START Dataset records

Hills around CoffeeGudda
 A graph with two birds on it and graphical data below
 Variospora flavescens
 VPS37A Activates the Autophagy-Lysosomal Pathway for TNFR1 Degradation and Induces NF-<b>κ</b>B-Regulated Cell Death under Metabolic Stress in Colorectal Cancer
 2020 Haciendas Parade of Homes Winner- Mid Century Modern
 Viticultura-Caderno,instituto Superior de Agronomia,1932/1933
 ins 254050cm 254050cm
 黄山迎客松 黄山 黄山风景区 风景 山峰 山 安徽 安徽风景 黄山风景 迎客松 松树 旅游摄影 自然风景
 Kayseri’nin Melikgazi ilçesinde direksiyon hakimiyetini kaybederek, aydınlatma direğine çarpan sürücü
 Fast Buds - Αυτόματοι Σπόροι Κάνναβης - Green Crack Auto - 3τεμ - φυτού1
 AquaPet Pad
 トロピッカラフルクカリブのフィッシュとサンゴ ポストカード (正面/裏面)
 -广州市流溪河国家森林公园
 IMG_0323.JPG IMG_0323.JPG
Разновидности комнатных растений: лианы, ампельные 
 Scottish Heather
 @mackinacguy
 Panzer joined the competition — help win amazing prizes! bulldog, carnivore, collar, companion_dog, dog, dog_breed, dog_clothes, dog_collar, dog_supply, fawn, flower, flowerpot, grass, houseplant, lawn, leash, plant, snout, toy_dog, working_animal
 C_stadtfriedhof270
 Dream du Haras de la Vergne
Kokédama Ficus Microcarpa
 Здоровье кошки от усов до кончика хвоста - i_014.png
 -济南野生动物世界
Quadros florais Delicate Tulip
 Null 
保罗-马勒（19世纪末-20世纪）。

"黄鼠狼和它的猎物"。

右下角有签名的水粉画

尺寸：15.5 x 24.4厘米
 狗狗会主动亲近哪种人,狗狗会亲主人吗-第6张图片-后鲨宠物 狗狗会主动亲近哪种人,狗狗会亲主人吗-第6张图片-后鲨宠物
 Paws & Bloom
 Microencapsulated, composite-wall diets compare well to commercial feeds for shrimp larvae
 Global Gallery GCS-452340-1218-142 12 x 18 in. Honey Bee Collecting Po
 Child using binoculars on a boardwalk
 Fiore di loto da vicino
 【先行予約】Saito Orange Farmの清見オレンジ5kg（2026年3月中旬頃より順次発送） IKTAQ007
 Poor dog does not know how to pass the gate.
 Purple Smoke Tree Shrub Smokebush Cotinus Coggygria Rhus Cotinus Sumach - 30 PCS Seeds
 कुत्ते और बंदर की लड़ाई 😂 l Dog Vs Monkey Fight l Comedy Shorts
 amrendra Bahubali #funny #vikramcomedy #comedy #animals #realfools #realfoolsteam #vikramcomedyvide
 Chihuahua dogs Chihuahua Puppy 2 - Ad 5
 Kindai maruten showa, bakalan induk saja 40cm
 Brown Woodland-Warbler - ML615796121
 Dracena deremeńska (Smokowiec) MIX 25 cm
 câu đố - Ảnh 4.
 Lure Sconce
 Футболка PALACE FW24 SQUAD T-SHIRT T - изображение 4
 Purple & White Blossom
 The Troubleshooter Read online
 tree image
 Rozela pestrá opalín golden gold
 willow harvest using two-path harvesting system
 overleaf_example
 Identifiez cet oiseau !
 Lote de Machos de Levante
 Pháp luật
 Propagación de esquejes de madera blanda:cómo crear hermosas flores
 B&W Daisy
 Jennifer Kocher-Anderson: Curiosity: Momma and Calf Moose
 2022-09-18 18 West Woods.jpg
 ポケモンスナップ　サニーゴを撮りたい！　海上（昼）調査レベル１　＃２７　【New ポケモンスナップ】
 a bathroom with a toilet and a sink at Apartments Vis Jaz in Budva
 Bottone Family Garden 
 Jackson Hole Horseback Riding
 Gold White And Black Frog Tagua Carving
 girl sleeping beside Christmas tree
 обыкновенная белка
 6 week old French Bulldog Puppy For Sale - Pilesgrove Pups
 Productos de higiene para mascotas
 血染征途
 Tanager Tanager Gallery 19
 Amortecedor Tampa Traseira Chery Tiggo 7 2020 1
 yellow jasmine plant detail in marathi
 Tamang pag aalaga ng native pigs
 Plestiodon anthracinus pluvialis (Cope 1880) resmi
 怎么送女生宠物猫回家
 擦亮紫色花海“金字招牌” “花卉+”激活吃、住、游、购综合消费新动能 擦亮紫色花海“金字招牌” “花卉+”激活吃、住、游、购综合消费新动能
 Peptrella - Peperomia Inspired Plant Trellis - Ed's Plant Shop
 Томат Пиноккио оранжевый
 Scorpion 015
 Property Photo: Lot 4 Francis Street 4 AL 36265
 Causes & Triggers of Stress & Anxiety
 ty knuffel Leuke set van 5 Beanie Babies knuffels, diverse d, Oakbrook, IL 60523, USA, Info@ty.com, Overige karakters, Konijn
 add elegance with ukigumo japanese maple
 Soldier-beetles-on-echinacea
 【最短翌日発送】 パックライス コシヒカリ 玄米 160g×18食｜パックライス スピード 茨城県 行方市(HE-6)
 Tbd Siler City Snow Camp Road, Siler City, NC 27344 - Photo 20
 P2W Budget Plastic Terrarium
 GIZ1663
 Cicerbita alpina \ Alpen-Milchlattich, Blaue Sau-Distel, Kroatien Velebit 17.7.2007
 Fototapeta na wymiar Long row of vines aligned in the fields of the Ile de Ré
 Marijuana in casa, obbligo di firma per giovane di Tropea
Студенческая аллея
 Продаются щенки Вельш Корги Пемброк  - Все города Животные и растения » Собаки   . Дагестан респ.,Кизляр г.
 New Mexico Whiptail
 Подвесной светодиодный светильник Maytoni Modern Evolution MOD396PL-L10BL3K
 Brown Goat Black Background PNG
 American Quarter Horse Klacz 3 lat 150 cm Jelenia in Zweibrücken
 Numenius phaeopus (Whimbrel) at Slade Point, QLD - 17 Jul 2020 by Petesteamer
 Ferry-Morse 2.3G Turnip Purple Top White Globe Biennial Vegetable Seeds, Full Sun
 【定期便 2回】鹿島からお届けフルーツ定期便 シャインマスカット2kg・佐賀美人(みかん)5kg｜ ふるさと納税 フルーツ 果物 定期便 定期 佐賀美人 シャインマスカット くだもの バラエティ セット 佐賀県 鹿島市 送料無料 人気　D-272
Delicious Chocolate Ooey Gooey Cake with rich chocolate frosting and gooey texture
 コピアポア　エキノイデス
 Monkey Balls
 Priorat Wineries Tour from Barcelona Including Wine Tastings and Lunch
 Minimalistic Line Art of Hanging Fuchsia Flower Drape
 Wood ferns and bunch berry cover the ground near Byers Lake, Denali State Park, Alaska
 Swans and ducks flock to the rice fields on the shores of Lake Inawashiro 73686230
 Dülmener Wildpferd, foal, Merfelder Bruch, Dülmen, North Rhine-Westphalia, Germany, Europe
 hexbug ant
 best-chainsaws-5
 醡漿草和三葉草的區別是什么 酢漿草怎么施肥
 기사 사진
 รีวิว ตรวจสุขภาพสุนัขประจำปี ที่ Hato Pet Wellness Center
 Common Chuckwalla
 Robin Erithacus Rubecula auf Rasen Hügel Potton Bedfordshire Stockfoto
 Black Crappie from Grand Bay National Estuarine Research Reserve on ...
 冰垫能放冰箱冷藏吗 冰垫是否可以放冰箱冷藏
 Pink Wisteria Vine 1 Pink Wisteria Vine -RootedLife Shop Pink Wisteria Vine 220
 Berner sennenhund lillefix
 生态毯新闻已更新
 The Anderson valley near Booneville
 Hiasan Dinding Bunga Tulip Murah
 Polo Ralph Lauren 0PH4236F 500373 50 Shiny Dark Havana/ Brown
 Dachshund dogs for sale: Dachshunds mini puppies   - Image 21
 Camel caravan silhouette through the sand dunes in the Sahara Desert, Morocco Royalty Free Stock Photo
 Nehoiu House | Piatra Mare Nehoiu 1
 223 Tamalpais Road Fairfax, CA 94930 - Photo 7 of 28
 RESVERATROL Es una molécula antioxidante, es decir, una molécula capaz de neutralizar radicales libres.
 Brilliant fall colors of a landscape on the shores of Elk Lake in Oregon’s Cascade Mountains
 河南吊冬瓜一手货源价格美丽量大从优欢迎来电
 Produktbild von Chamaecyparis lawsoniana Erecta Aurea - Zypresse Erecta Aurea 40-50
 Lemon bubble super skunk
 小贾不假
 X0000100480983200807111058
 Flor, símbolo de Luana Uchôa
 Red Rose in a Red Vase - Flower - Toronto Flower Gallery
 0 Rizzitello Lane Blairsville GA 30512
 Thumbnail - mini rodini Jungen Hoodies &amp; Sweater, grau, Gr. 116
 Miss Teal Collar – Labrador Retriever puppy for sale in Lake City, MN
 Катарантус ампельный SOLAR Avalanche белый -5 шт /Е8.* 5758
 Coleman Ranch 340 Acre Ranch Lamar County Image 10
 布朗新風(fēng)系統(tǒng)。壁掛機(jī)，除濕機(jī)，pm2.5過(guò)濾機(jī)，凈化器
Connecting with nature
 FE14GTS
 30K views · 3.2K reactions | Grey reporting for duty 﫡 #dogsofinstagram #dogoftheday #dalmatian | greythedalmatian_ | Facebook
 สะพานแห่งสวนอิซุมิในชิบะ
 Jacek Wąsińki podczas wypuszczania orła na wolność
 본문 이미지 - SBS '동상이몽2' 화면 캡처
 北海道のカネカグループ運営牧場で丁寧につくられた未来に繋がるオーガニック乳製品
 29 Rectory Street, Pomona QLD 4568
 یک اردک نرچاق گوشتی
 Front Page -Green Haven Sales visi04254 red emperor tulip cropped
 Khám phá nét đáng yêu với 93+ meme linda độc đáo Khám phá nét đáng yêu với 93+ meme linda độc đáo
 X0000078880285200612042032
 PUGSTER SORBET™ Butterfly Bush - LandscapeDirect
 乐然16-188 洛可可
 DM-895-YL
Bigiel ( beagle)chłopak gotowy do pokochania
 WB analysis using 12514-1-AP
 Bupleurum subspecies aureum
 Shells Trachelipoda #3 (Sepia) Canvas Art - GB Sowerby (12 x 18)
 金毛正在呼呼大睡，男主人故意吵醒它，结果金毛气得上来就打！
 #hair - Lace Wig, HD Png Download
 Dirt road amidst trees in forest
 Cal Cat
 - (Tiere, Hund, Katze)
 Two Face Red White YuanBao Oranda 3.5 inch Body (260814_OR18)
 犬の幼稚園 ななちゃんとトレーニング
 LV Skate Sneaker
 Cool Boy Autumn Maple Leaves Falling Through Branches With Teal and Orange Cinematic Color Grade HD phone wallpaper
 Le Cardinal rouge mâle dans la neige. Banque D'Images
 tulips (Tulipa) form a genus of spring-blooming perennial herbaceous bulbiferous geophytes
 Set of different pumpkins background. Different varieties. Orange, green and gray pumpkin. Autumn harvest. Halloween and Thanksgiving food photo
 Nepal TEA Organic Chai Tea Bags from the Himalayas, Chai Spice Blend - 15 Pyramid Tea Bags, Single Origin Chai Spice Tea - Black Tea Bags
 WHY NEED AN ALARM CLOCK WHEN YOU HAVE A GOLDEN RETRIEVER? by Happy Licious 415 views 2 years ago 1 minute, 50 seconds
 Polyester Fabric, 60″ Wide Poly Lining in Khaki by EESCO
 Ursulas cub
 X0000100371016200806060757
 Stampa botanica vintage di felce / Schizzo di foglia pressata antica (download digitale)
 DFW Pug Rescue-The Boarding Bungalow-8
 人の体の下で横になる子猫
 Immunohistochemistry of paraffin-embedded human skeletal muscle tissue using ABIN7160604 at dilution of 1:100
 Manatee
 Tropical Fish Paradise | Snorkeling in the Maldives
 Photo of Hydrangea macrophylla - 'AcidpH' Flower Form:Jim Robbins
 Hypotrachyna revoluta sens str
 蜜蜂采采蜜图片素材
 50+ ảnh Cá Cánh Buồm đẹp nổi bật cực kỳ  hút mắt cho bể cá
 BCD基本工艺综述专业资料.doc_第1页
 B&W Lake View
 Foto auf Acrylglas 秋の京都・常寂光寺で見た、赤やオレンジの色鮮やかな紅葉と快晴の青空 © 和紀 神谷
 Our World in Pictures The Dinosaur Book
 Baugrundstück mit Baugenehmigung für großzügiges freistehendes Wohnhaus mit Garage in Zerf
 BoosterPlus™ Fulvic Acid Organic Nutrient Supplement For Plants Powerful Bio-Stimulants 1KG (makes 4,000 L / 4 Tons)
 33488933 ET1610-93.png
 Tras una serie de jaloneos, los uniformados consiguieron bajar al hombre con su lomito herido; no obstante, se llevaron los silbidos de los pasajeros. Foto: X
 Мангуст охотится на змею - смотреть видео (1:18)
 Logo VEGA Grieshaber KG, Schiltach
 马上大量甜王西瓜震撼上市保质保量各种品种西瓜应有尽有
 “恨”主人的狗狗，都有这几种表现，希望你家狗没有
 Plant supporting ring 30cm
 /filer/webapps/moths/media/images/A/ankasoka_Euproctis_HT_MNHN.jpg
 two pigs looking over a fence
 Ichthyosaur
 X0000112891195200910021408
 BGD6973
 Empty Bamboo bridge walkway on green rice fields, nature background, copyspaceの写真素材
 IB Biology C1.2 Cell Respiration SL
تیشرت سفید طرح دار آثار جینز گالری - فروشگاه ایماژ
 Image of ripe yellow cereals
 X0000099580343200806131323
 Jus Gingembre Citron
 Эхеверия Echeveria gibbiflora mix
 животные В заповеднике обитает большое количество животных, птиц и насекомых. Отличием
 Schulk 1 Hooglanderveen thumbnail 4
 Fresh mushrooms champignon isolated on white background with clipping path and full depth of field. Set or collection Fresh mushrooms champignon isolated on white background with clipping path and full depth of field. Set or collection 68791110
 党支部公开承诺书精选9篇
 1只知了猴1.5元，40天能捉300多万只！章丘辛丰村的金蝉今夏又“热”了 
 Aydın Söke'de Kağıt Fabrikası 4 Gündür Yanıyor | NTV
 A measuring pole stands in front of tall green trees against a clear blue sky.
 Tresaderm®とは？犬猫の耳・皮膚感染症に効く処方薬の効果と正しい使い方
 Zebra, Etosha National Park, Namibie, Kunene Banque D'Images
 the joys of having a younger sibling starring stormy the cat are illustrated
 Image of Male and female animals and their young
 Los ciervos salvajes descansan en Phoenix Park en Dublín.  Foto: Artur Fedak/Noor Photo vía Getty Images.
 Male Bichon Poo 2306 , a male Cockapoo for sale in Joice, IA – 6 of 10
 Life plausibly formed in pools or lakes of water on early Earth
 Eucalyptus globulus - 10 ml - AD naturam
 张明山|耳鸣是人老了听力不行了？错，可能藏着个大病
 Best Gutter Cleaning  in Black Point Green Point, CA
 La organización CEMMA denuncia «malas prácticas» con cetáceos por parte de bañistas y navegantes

END Dataset records

(Problem to work on): Above is a listing; print exactly its lines from the one with "कुत्ते और बंदर" through the one with "Tamang pag aalaga ng native pigs", and no other lines.

(Response for this exercise):
 कुत्ते और बंदर की लड़ाई 😂 l Dog Vs Monkey Fight l Comedy Shorts
 amrendra Bahubali #funny #vikramcomedy #comedy #animals #realfools #realfoolsteam #vikramcomedyvide
 Chihuahua dogs Chihuahua Puppy 2 - Ad 5
 Kindai maruten showa, bakalan induk saja 40cm
 Brown Woodland-Warbler - ML615796121
 Dracena deremeńska (Smokowiec) MIX 25 cm
 câu đố - Ảnh 4.
 Lure Sconce
 Футболка PALACE FW24 SQUAD T-SHIRT T - изображение 4
 Purple & White Blossom
 The Troubleshooter Read online
 tree image
 Rozela pestrá opalín golden gold
 willow harvest using two-path harvesting system
 overleaf_example
 Identifiez cet oiseau !
 Lote de Machos de Levante
 Pháp luật
 Propagación de esquejes de madera blanda:cómo crear hermosas flores
 B&W Daisy
 Jennifer Kocher-Anderson: Curiosity: Momma and Calf Moose
 2022-09-18 18 West Woods.jpg
 ポケモンスナップ　サニーゴを撮りたい！　海上（昼）調査レベル１　＃２７　【New ポケモンスナップ】
 a bathroom with a toilet and a sink at Apartments Vis Jaz in Budva
 Bottone Family Garden 
 Jackson Hole Horseback Riding
 Gold White And Black Frog Tagua Carving
 girl sleeping beside Christmas tree
 обыкновенная белка
 6 week old French Bulldog Puppy For Sale - Pilesgrove Pups
 Productos de higiene para mascotas
 血染征途
 Tanager Tanager Gallery 19
 Amortecedor Tampa Traseira Chery Tiggo 7 2020 1
 yellow jasmine plant detail in marathi
 Tamang pag aalaga ng native pigs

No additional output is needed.